## Work instruction
Everything in the entries is to be written out exactly, except for the pictures.

## Materials provided
*****

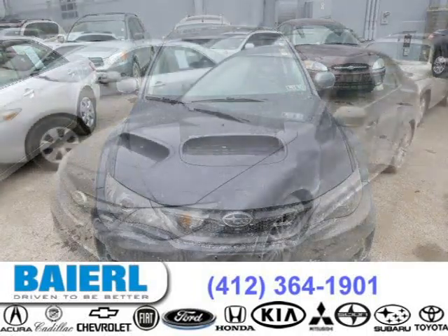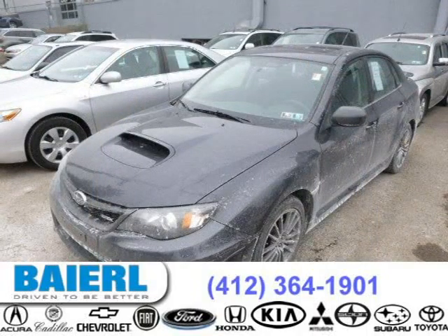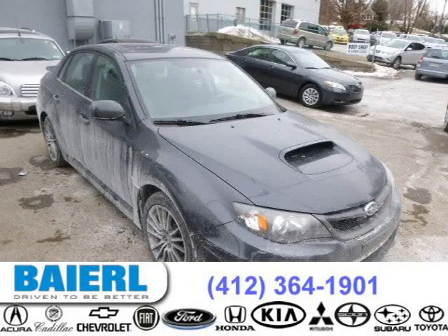This Subaru Impreza has a beautiful dark gray metallic exterior paint color which is complemented by a dark gray interior color. For more information on this great Subaru Impreza please click the link below.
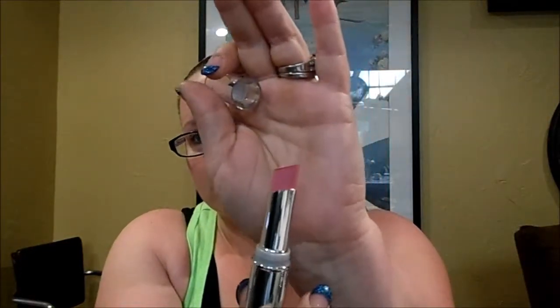The first one I got is number 900, Phantom Pink — it's a mauve-y, rosy pink, I like that color. The next one I got is number 905, Pink Pow.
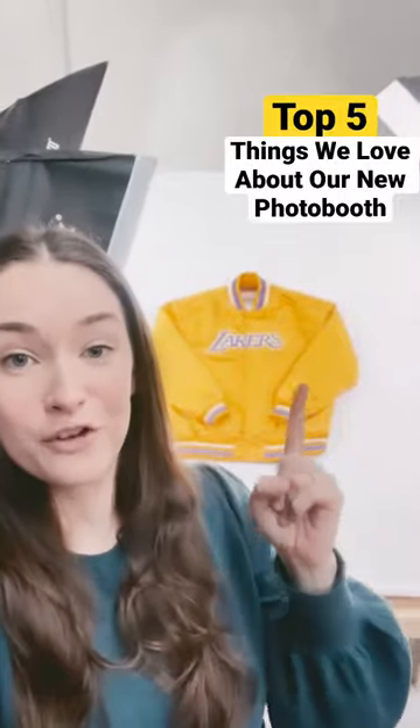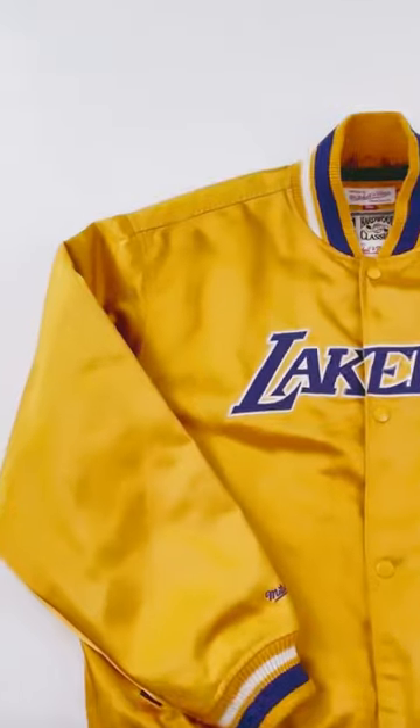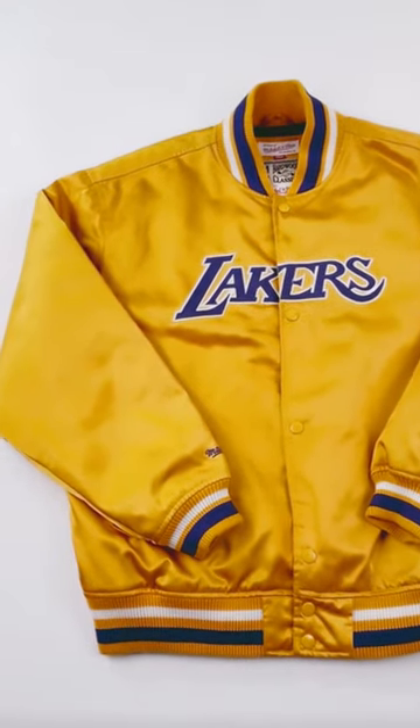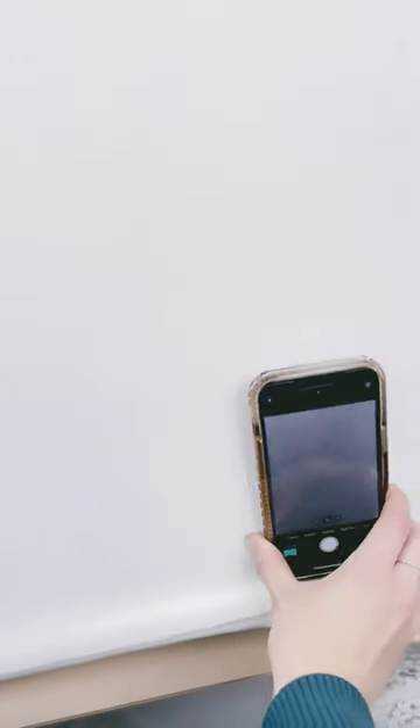Top five favourite things about our new photo booth. Up off the floor so that we can stand close. This velvet from Spotlight is textured enough the clothing will stay on it, but also shows up smooth in photographs. Handy ledge to hold your phone. Double layered in case one needs washing.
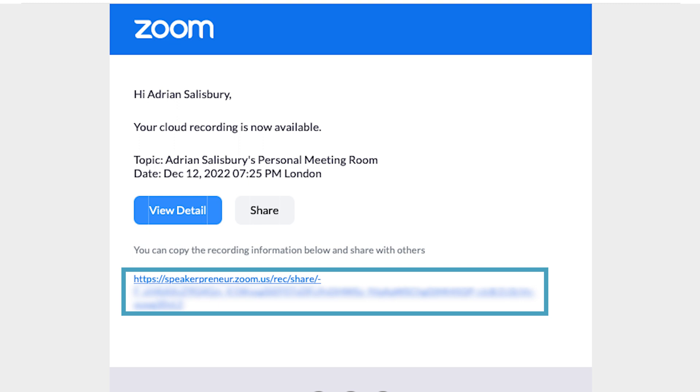The process is that if you record into the cloud and end your meeting, a minute or two later you'll have an email come through from Zoom saying here's a link to your recording. And you can just forward that on, or you can copy the shareable link and send it on to people. So even that side of it is easier.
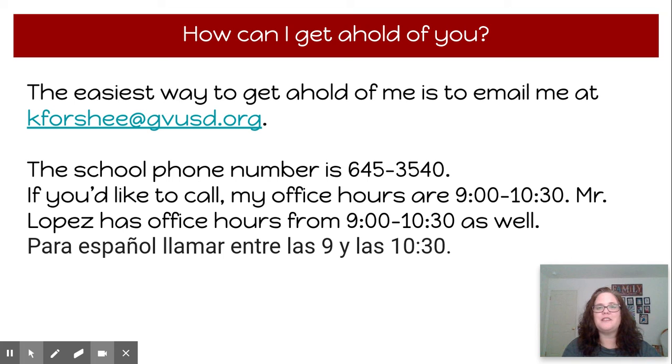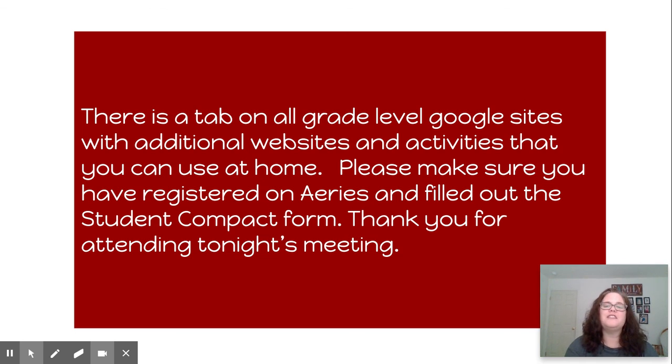How do you get a hold of me? The easiest way is to email me — I check my email often and will respond back. If you'd like to call, I have office hours from 9 to 10:30 in the morning. Mr. Lopez, our Spanish translator, also has office hours from 9 to 10:30. There is a tab on all the grade level Google sites with Reading Lab and ELD resources. I have lots of different activities and websites you can do at home — they are not required. Please make sure you've registered on ARIES and filled out the student compact form. Thank you so much for watching the video.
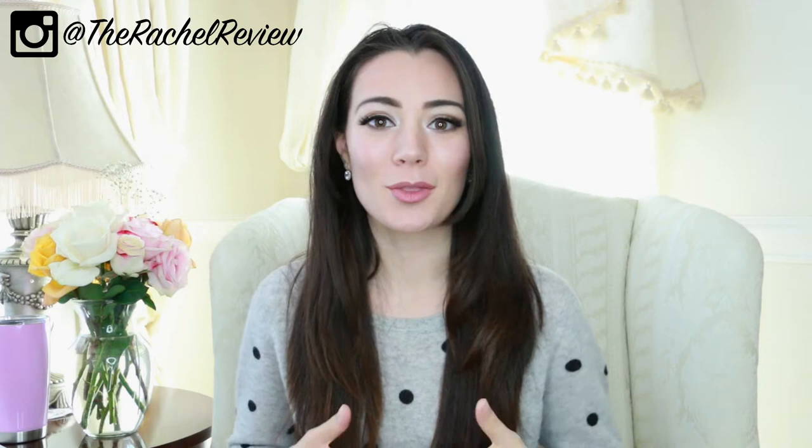Hey ladies! Welcome back to my channel. My name is Rachel and I'm the style blogger behind rachelreview.com for anybody that's new here. In today's video I'm going to be talking about bagborrowersteal.com. This video will be a full-on review of the website, what I use the website for, which is mostly renting designer handbags, and I'll also do a little bit of an unboxing of the handbag that I'm currently borrowing from the website.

*****

## Answer to this task
This Subaru Impreza has a beautiful dark gray metallic exterior paint color which is complemented by a dark gray interior color. For more information on this great Subaru Impreza please click the link below.
The first one I got is number 900, Phantom Pink — it's a mauve-y, rosy pink, I like that color. The next one I got is number 905, Pink Pow.
Top five favourite things about our new photo booth. Up off the floor so that we can stand close. This velvet from Spotlight is textured enough the clothing will stay on it, but also shows up smooth in photographs. Handy ledge to hold your phone. Double layered in case one needs washing.
The process is that if you record into the cloud and end your meeting, a minute or two later you'll have an email come through from Zoom saying here's a link to your recording. And you can just forward that on, or you can copy the shareable link and send it on to people. So even that side of it is easier.
How do you get a hold of me? The easiest way is to email me — I check my email often and will respond back. If you'd like to call, I have office hours from 9 to 10:30 in the morning. Mr. Lopez, our Spanish translator, also has office hours from 9 to 10:30. There is a tab on all the grade level Google sites with Reading Lab and ELD resources. I have lots of different activities and websites you can do at home — they are not required. Please make sure you've registered on ARIES and filled out the student compact form. Thank you so much for watching the video.
Hey ladies! Welcome back to my channel. My name is Rachel and I'm the style blogger behind rachelreview.com for anybody that's new here. In today's video I'm going to be talking about bagborrowersteal.com. This video will be a full-on review of the website, what I use the website for, which is mostly renting designer handbags, and I'll also do a little bit of an unboxing of the handbag that I'm currently borrowing from the website.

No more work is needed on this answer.